● Exercise goal: In the data below, find the line containing "Kolorowe kamienice na"; transcribe it and each line after it exactly, through the last, skipping pictures.
-- Source material follows --
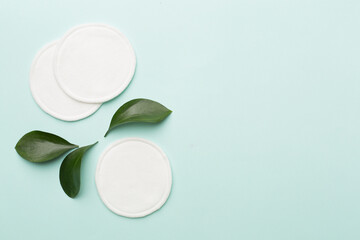 Cotton reusable pads with leaves on color background. Top view. © Liami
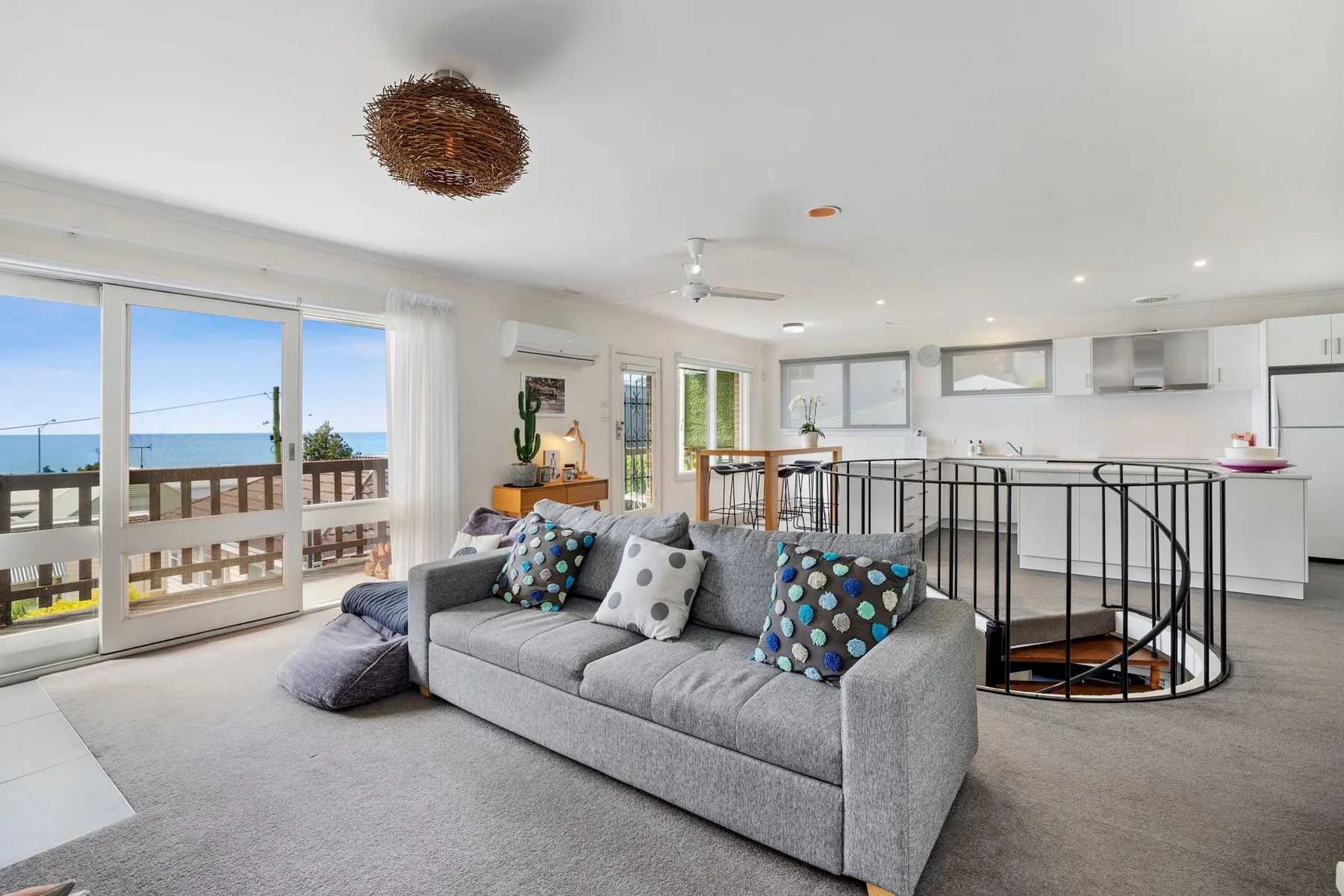 Open-plan living room with gray seating beside a bright kitchen.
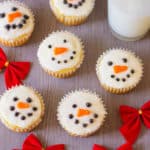 snowman cupcakes against a grey background with a glass of milk
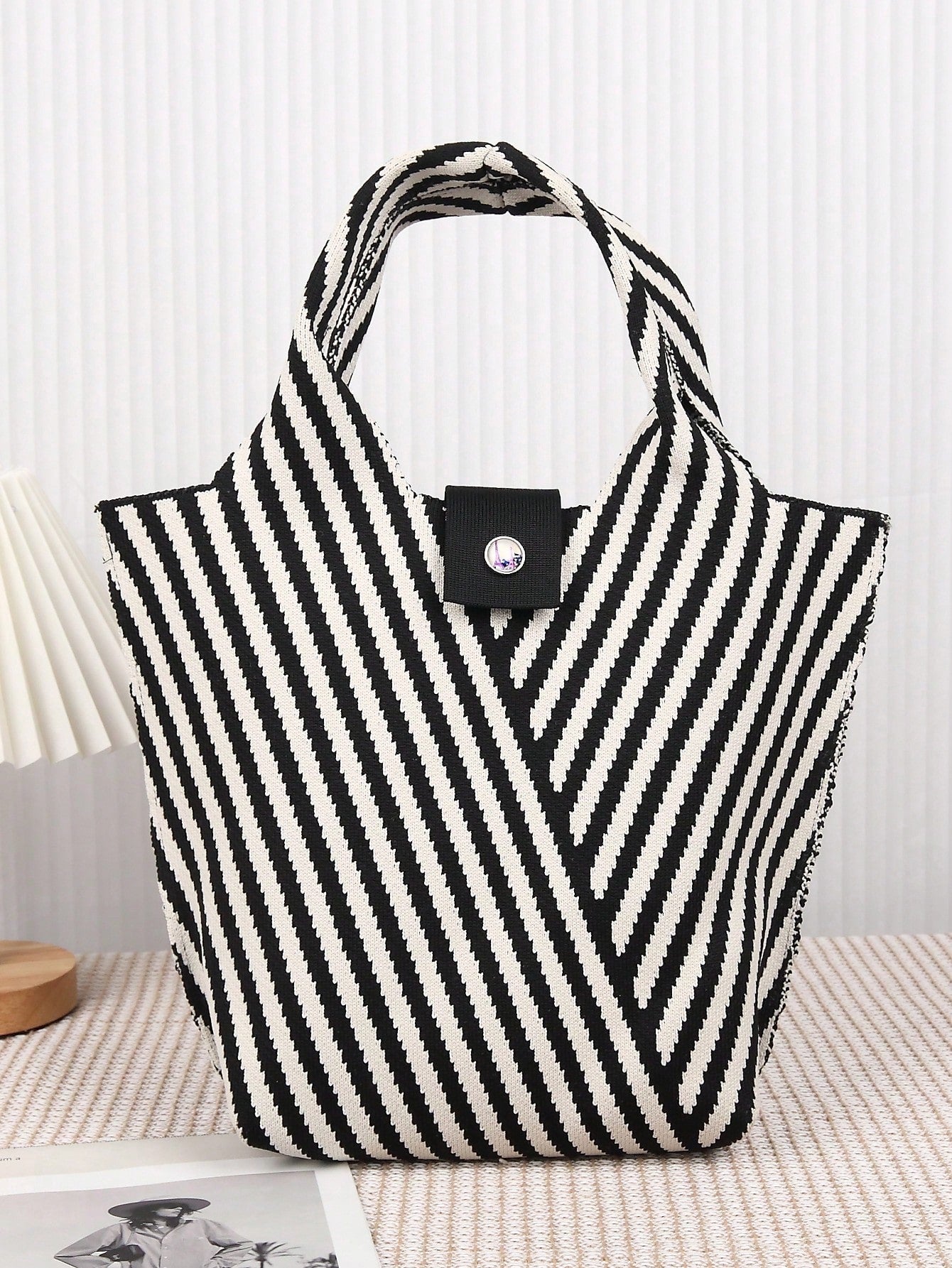 Introducing our Versatile Striped Crochet Tote Bag, the perfect companion for your everyday activities! Featuring a stylish design and sturdy construction, this bag is both fashionable and functional. With its spacious interior and durable straps, you can confidently carry all your essentials wherever you go. Upgrade your daily routine with this must-have bag!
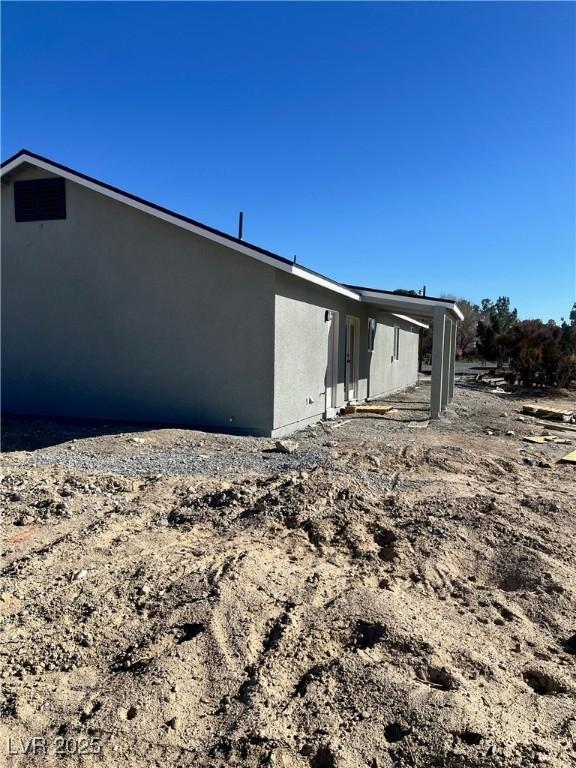 view of home's exterior featuring stucco siding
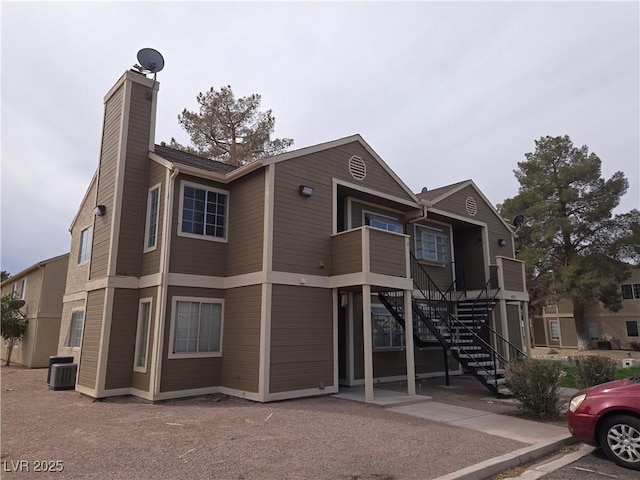 view of front of home featuring stairway, central AC, and a chimney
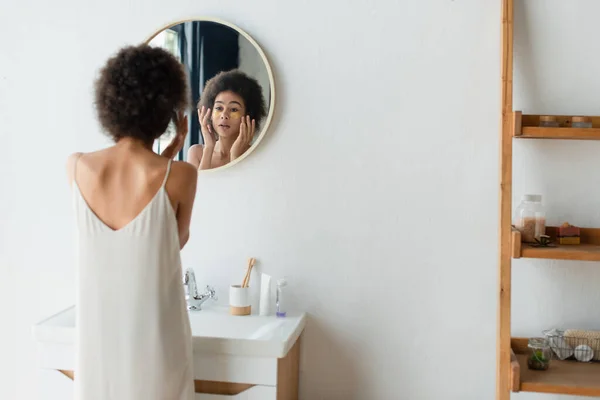 Unscharfe Afroamerikanerin trägt Augenklappen im Badezimmer auf — Stockfoto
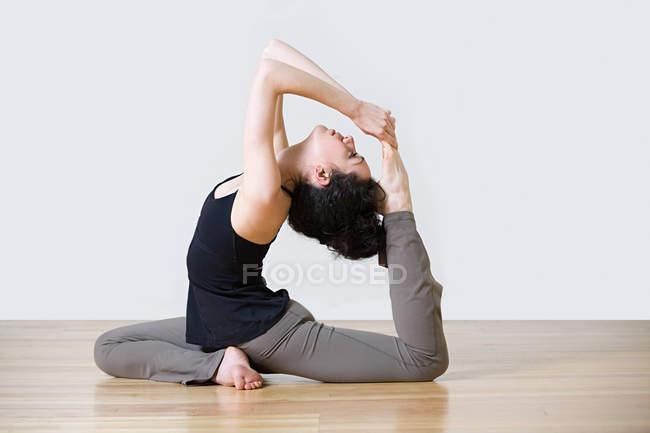 Side view of young woman stretching — Stock Photo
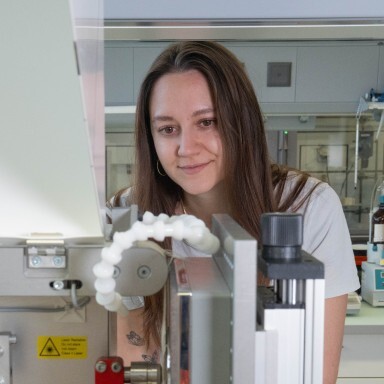 A young woman smiles while working in a laboratory, standing near a scientific instrument.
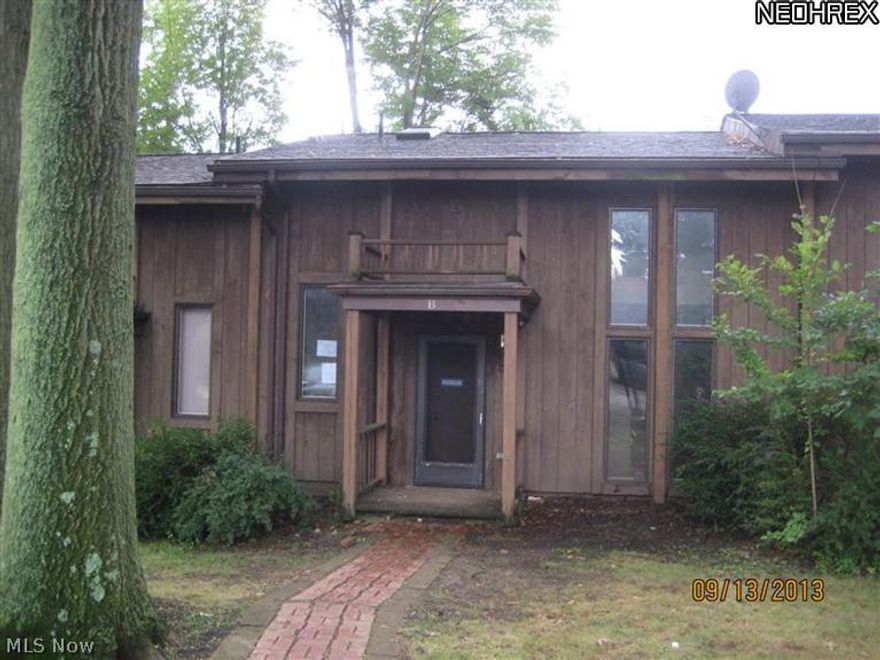 Townhouse style condo with new paint & carpet.  Master bedroom with walk-in closet.  Balcony overlooks living room.  Enclosed porch.  Sold "AS IS".  Buyer to verify all information.  Buyer or buyer's agent responsible to check with Building, Zoning, EPA, DEA, Tax Dept or any other requirement for intended use.  Buyer to pay for inspections.  Earnest money to be a Cashiers check.  Subject to clear title.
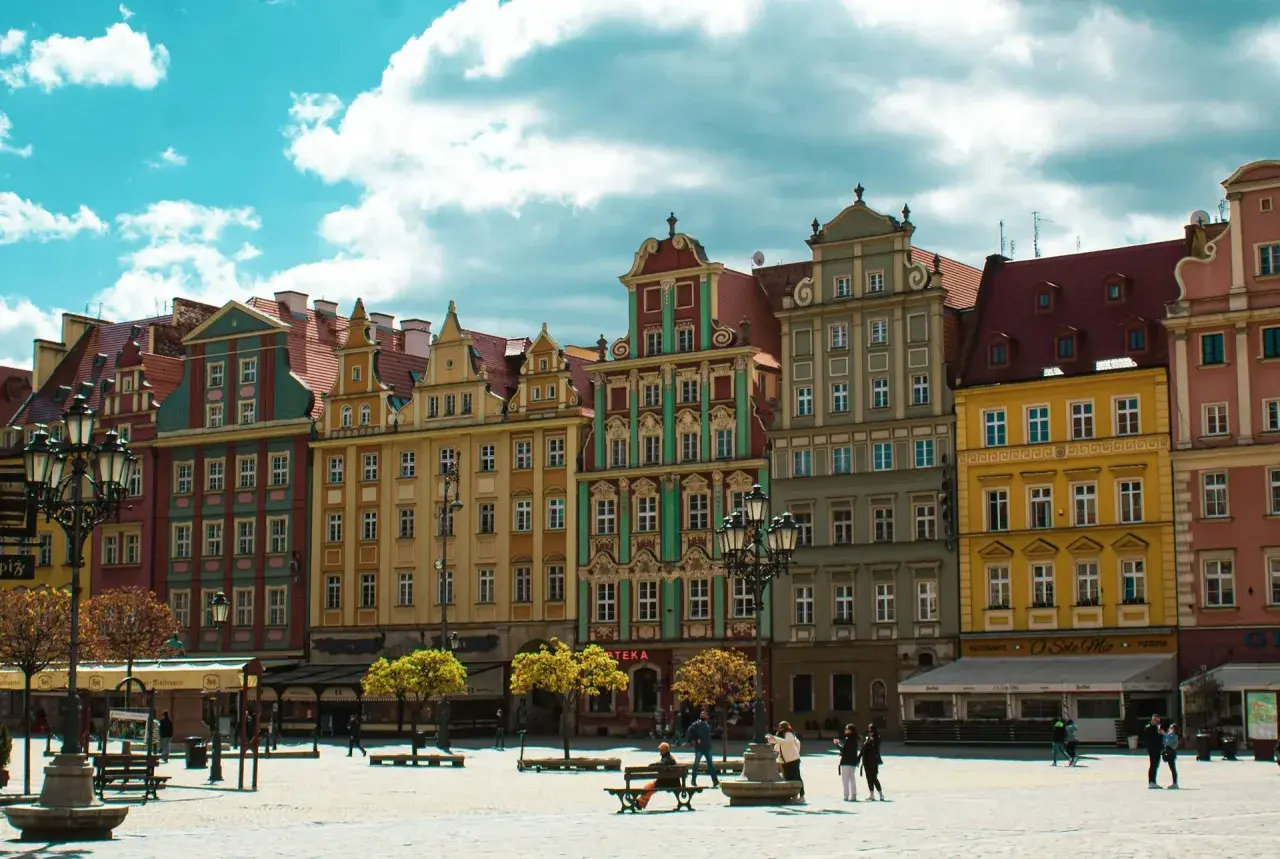 Kolorowe kamienice na starym rynku we Wrocławiu, z błękitnym niebem i białymi chmurami w tle.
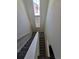 Stairwell showing lots of natural light with carpeted steps and white walls at 18006 E 103 Ave, Commerce City, CO 80022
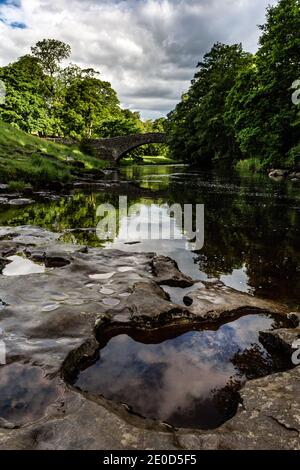 Stainforth Force auf dem River Ribble, mit der alten Packhorse-Brücke im Hintergrund, in der Nähe von Settle, Yorkshire Dales National Park, West Yorkshire Stockfoto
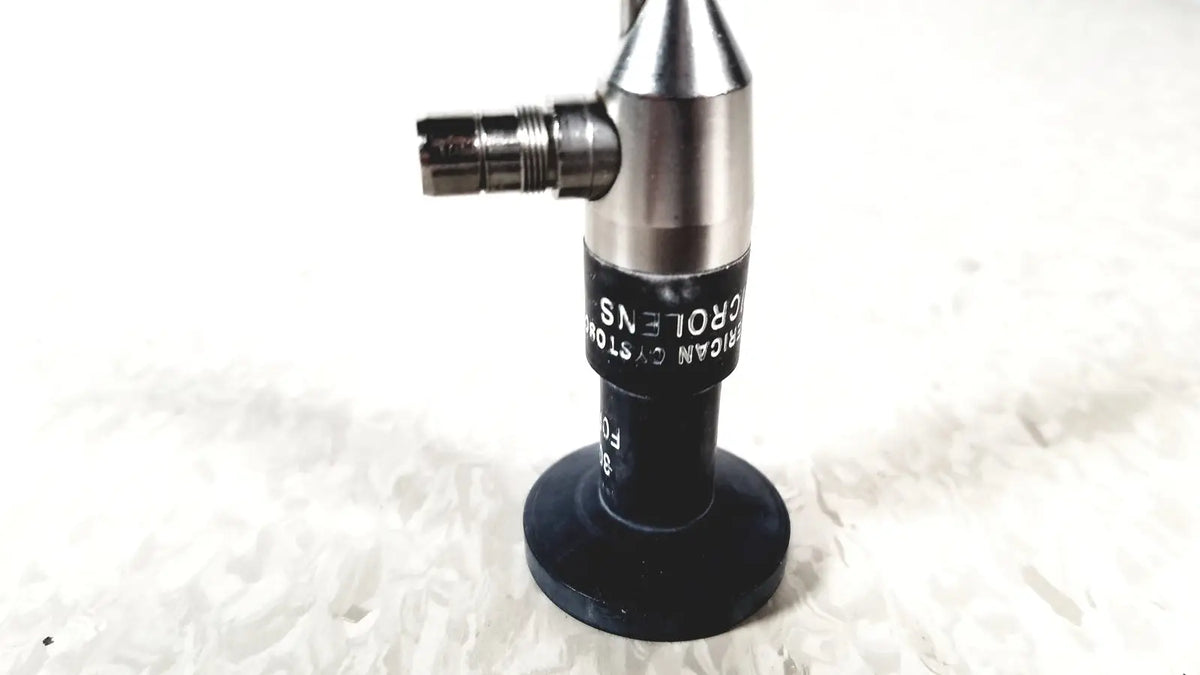 Silver and black microscope objective lens with engraved text from american cystoscope makers fo-8168m microlens barrel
-- Source material concluded --
● Answer for the task:
 Kolorowe kamienice na starym rynku we Wrocławiu, z błękitnym niebem i białymi chmurami w tle.
 Stairwell showing lots of natural light with carpeted steps and white walls at 18006 E 103 Ave, Commerce City, CO 80022
 Stainforth Force auf dem River Ribble, mit der alten Packhorse-Brücke im Hintergrund, in der Nähe von Settle, Yorkshire Dales National Park, West Yorkshire Stockfoto
 Silver and black microscope objective lens with engraved text from american cystoscope makers fo-8168m microlens barrel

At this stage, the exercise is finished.